Exercise requirements
Set down, please, exactly the lines below that run from the line with "Luxury 3-Bedroom Pool" to the line with "Corporate headshot of", both lines included.

(Material provided begins)

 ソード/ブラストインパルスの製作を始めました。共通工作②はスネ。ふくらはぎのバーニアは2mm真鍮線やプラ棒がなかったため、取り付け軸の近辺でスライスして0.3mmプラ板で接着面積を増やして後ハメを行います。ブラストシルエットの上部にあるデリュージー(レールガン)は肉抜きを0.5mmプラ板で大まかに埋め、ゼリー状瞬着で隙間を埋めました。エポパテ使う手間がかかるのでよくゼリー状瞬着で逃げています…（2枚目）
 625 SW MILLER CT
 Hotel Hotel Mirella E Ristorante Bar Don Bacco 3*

(Material provided ends)
(Material provided begins)

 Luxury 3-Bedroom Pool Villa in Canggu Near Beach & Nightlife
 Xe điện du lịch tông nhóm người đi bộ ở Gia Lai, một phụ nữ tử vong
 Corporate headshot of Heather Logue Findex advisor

(Material provided ends)
(Material provided begins)

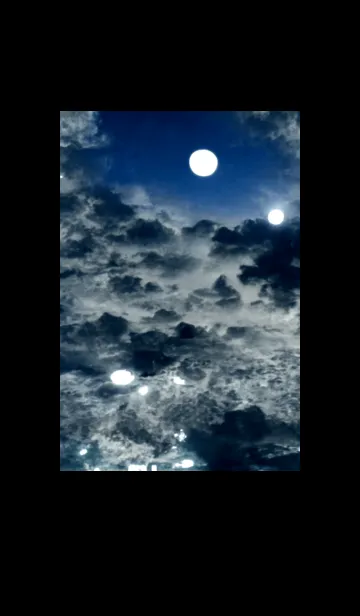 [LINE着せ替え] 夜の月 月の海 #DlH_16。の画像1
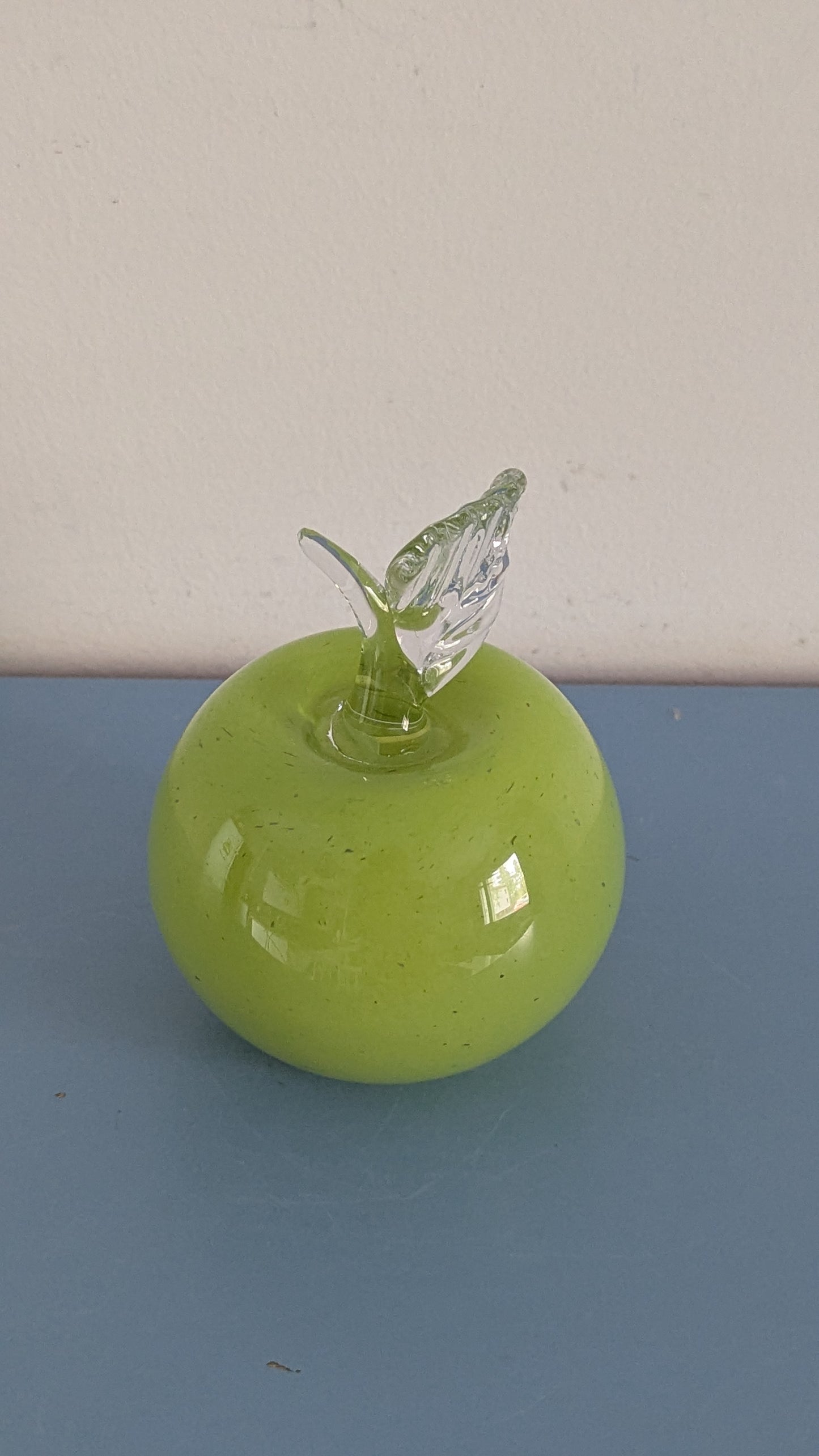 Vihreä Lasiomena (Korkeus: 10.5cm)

(Material provided ends)

Solution
 Luxury 3-Bedroom Pool Villa in Canggu Near Beach & Nightlife
 Xe điện du lịch tông nhóm người đi bộ ở Gia Lai, một phụ nữ tử vong
 Corporate headshot of Heather Logue Findex advisor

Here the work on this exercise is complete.